Abandoned people

Submitted by AWL on 6 January, 2015 - 6:21 Author: Rachael Barnes

At the end of December, and in the space of four days, two ships, both carrying hundreds of migrants, were abandoned by their crew in rough Italian seas, in an effort to force the Italian authorities to rescue the passengers.

800 migrants were rescued from the Blue Sky M, a ship registered in Moldova was sailing with no crew five miles from the Italian coast. And 450 people, mostly Syrian refugees, were rescued later in the week from the Sierra Leone-registered Ezadeen. A passenger said they had been at sea for ten days, half of which without food or drink.

Traffickers buy old ships (“rust buckets at the end of their life”) for $100, 000 - $150, 000, and collect up to $6,000 per passenger for the “trip”. The profit to be gained is so huge that there are no second thoughts about abandoning the vessel.

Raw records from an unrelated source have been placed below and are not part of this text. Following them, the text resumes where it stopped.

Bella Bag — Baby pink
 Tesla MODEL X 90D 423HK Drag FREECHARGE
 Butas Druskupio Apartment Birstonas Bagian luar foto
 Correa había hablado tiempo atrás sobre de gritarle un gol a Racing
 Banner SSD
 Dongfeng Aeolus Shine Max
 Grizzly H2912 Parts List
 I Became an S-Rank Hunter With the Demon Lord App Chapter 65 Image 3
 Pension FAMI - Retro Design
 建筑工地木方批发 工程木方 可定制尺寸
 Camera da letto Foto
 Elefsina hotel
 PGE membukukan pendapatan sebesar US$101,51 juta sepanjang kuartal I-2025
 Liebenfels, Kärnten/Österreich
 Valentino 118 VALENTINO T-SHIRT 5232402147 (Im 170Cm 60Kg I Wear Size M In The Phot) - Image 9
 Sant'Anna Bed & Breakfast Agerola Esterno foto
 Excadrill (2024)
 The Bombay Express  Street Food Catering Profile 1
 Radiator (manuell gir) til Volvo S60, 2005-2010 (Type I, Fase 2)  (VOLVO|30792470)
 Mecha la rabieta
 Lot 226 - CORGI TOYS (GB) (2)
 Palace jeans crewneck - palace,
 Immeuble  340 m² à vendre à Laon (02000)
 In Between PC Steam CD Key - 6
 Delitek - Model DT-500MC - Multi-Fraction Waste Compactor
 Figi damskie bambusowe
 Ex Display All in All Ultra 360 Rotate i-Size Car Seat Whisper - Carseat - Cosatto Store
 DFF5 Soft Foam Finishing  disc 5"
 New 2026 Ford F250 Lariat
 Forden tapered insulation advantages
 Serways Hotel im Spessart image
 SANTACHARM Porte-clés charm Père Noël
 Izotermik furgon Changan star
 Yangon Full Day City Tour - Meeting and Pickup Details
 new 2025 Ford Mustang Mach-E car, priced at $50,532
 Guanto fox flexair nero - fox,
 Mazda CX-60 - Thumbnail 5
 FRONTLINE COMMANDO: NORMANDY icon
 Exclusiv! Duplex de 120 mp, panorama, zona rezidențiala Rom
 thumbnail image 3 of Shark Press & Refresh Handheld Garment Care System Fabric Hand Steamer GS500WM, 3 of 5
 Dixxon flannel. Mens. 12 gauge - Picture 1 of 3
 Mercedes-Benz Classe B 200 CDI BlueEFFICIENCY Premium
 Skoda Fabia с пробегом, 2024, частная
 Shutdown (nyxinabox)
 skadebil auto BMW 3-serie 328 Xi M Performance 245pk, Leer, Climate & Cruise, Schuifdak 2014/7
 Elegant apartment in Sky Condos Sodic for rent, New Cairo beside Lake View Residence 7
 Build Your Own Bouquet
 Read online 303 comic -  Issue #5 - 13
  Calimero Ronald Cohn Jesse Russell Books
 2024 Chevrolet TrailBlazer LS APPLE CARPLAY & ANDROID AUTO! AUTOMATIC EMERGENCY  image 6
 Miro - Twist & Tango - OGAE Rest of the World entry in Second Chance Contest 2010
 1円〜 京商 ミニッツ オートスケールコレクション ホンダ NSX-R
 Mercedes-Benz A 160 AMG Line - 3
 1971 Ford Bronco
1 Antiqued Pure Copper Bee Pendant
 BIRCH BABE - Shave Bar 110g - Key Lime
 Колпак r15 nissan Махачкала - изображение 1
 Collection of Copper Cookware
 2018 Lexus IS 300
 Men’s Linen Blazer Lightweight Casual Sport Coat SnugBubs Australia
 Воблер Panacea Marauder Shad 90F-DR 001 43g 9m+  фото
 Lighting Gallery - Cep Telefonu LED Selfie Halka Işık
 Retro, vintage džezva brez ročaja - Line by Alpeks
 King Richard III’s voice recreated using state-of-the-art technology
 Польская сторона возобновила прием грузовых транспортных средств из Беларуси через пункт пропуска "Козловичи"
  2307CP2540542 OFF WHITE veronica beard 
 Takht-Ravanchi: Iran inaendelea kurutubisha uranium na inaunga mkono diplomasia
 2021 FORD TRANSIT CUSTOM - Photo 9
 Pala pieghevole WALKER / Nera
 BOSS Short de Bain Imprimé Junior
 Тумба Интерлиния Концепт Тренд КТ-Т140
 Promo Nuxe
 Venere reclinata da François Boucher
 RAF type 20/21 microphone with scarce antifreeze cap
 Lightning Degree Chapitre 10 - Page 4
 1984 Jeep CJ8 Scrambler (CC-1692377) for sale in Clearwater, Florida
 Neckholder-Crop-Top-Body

These two incidents follow last October's cancellation of the rescue scheme run by Italian authorities, Operation Mare Nostrum, accused by the EU of being a prominent factor in why migrants were risking everything to get to Europe.

Despite refugee groups warning that the cancellation of Mare Nostrum could result in the most disastrous year yet for migrants in the Mediterranean, it has been replaced with “Triton”, led by EU border force Frontex, and covers only 30 miles off the coast of Italy, compared with Mare Nostrum's coverage of 70, 000 km2 of the sea. It will use a budget less than one third of Mare Nostrum's cost, and will have around 84% less manpower.

Often people making policies and laws speak as though these migrants are leaving their homes for a laugh, or are doing so out of anything other than desperation.

These catastrophes prove that whether or not Mare Nostrum was acting as a “pull factor” in bringing migrants into Europe, there will still be families fleeing horrific situations of war and political repression on their doorstep.